The Conservatory of Music Hosts Winter Composers Concert

Maxwell Hinton Performing in the Don Buchwald Theater./Yassir Azzam

By Yassir Azzam

 

    On Feb. 21, the Conservatory of Music at Brooklyn College hosted its Winter Composer’s Concert. The show blurred the lines between classical elegance and contemporary flair, showcasing the work of students Maxwell Hinton, Flinn Oliensis, and Zhi Chen. 

   The stage of the Don Buchwald Theater was adorned with various musical instruments ranging from the grand piano to clarinets, trumpets to cellos. As the concert began, the audience was transported onto a musical path, guided by the performers’ skillful words and passionate hearts.    

   Director Bruno Voigt began the performance with some stories that introduced the pianists, each story being a reflection of the work composed, as well as the musicians themselves. Voigt’s piece called “Apartment Hunting” honored the life of his former landlord who passed away after spending a life of being at peace, and was performed by pianist Maxwell Hinton.

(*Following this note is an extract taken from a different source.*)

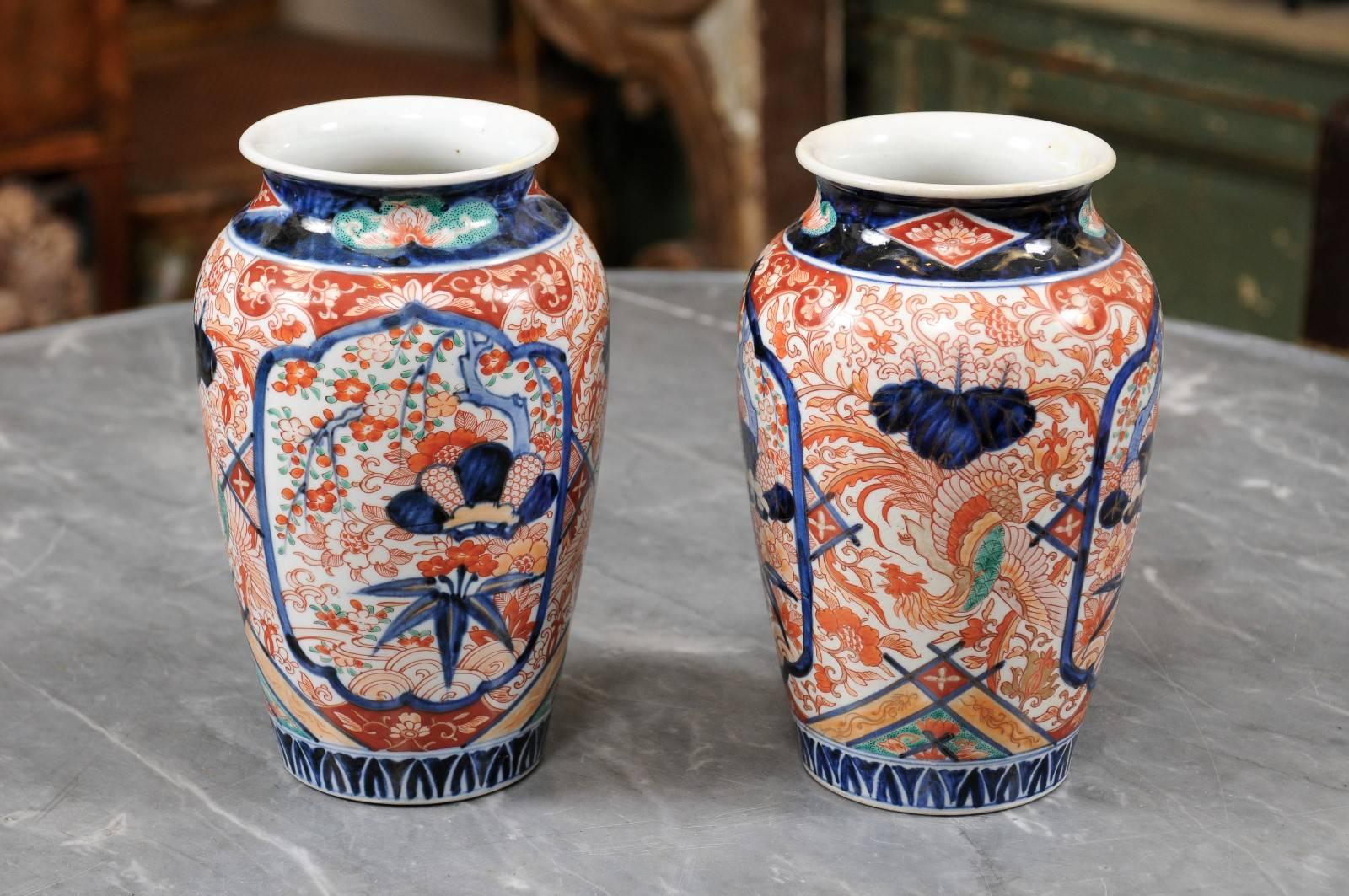 Pair of 19th Century Imari Vases with Green, ca. 1870 For Sale 5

   Maxwell Hinton is based out of Brisbane, Australia. He demonstrated his mastery of the keys, his fingers dancing effortlessly across the piano, and brought to life compositions that stirred the soul. “It was a very special and memorable performance,” Hinton told The Vanguard. “Sections of the piece are technically demanding, and so it took consistent practice.” He strengthened his performance skills by doing, “mock performances, trying to emulate the situation as closely as possible.”

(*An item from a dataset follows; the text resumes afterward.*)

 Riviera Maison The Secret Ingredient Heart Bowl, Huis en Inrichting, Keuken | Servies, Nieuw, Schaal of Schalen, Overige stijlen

  Jay Symon Abrera, a pianist, opened the performance with a composed piece by Flinn Oliensis called  “m2,” displaying his creativity by utilizing a semester’s worth of studies and explorations to develop his compositional method. 

  Flinn Oliensis, a guitarist and vocalist, introduced a new dimension to the performance with his soulful guitar and captivating voice. He submitted three composed pieces: “m2,” “Gravity,” and “Advance Notice.” Oliensis is a NYC native who touches on qualities of pop, guitar, and piano, to discuss his interpersonal conflicts through his music. Oliensis curated his work by experimenting with elements of pitch and rhythm through various instruments. He decided to step out of his comfort zone to display his vulnerability to musical change. Oliensis gave his process for the composition as being organically constructed. 

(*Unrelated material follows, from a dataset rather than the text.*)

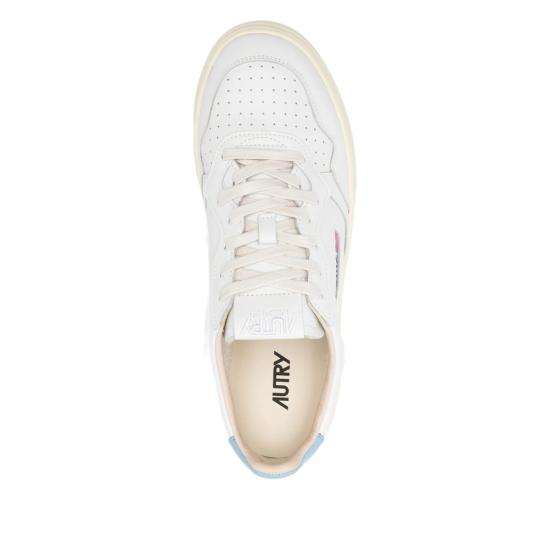 26SS 오트리 메달리스트 로우 스니커즈 AULM TB01 WHITE BLUE - AUTRY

   “It started out as an arpeggiated melody that I came up with on guitar at some point in high school,” Oliensis said. “The chorus melody was next, and while the lyrics weren’t finalized, the motif ‘I wanna do whatever will make you happy’ came about pretty early on.” 

   As time went on, the composition of the song took on different meanings and the song changed to illustrate “wanting to do the right thing remained.” He hopes to release an album in the future,  which will be a concept album revolving around a multi-genre song cycle that reimagines a traumatic experience of social ostracization from a friend group. 

   Complementing these performances was the composition work of Zhi Chen and his band known as the Chicken Combo Deluxe. Performing “Lots of B’s,” “Seashell,” “Déjà Vu,” “Contemplation,” and “The Chicken.” The instruments not only included a piano and cello, but also a vibraphone, saxophones, flugelhorn, bass, and congas. 

   Together, these musicians and their bands created a unique display of musical experience. As the final notes faded away, the audience erupted into applause, uplifted by the beauty of the music. This concert was more than just a performance, it was a testament to the power of music in uniting and inspiring the community.